Continuity

I know you.

It has taken time.
Our initial meeting may or may not have facilitated it.
You may or may not have made it easy.
I persisted.
And now we have been through things together.
It has been well worth the effort and energy.

You know me.
This is easy, as I wear my heart on my sleeve–always have.
It doesn’t take much to know me; but I don’t let just anybody in.
I give the benefit of the doubt; I also trust my protective instincts.

Time.
There is no substitute.
And it’s not enough.
Knowing requires engagement, intentional and volitional.
Time helps, providing opportunity, enabling continuity.

With enough time and encounters, knowing emerges organically.
Over years and decades it becomes intuitive, if we pay attention.
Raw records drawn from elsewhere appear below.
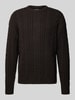 JAKE*S STUDIO MEN Gebreide pullover met kabelpatroon Donkerbruin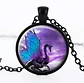 Collar Dije Cristal Dragón Alas Purpura Azul Hombre Mujer    - Miniatura 2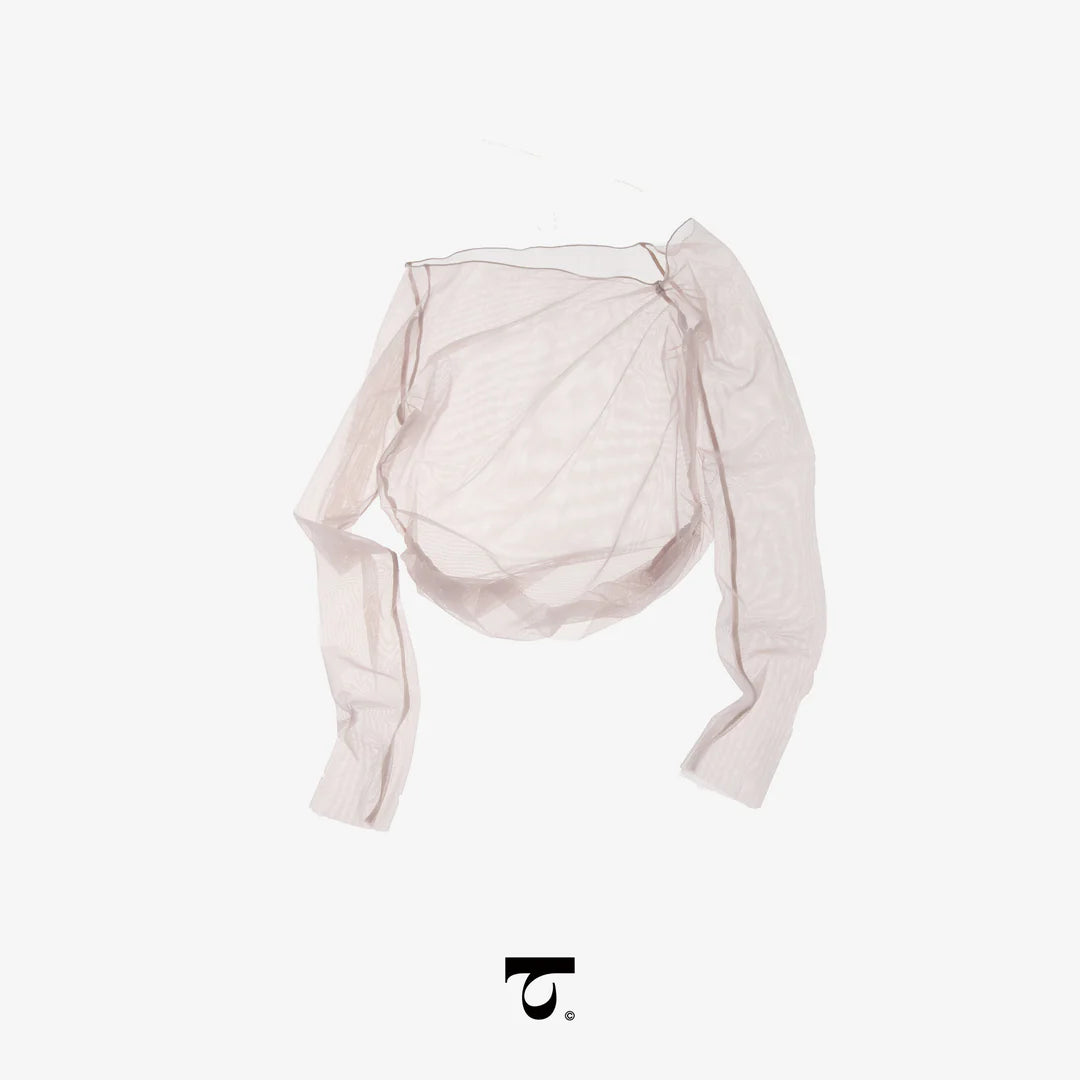 Asymmetrical One-Shoulder Mesh Top Typha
I see you. I think of you when I see things you like.
I hear you–not just when you speak, but when you cross my mind.
I anticipate your words and expressions in response to ideas and opinions.
I know you.

Knowing and feeling known nourish us.
No matter the context.
We are wired to connect–to one another, our fellow humans.
Meeting over and again, small and big moments alike, each building on the last.
Memories accumulating, recollections shared.

Life unfolds.
We are who we are at our core, and continue to be so.
We also learn, grow, and evolve.
Change and stay the same.
Those who know us see no contradiction here.
Rather, known in our wholeness over time, in continuity, we all make sense.

This season, may we reflect on and consider how we know and are known.
May we find the courage and resolution to express and connect in depth and meaning.
May we practice openness, curiosity, non-judgment, and acceptance more than other things.
May our relationships strengthen and tighten in the best ways.
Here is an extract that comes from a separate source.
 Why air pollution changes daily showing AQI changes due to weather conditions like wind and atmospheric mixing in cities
In this life, our relationships save us.
Continuity of connection, if we have the fortune, is a priceless gift.
Let us not take it for granted.

Humans

Pietà, Michelangelo, Rome, Italy. Photo by Phara Blair

“Partnership with a good dog has millions of advantages over partnership with even the best human being.”
Bride and Groom, Susan Conant

What would you write, given ten minutes with this prompt?

Below is my take, and then some reflections.
Thanks to friend Joan for choosing the prompt, and for hosting Sara and me for another Mallon Writers session the other evening. We’re coming up on a year as a group, and I am so grateful for these women.


Humans.

We are remarkable–remarkably creative, resourceful, intelligent, and SHITTY.
We are wired to connect; we crave it, require it. And yet we are terrible at it too often.
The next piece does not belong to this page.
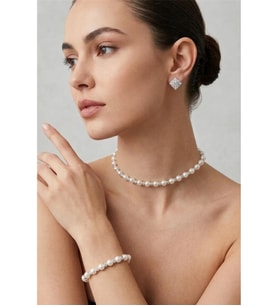 İNCİLİ TAŞLI CHOKER KOLYE BİLEKLİK KÜPE SET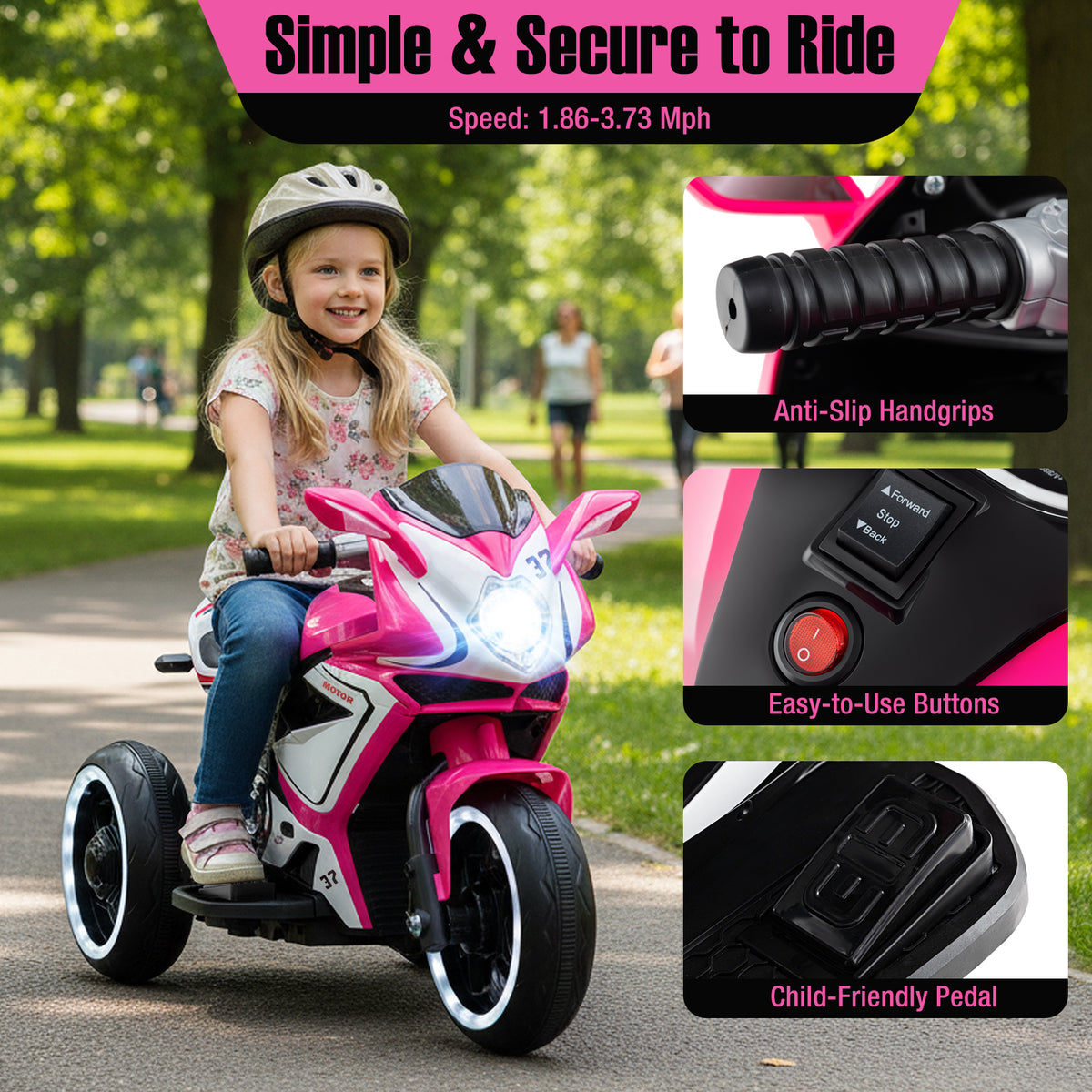 Kids Ride on Motorcycle 6V Battery Powered Mini Electric Motorbike with LED Lights-Pink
How can we reconcile this paradox?
Every day we can find myriad examples of both the immense kindness and altruism, and also the most unspeakably heinous violence and destruction–all visited by us on ourselves.

FASCINATING.

What determines our behavior?

Do we each believe ourselves capable of the highest and lowest that humans can do? I do.

I believe that under certain circumstances, any given person has the potential to behave in any given way. To me, this is the most realistic and humble way to approach human nature. We think we know so much; and yet the vast majority of our behaviors and relationships are driven by how we feel. And we are largely, I think willfully, blind to this reality. Most of us live our lives far from the extremes of human altruism and violence, but I think it’s our denial of the potential of both within all/each of us that facilitates the expression of the worst by some of us.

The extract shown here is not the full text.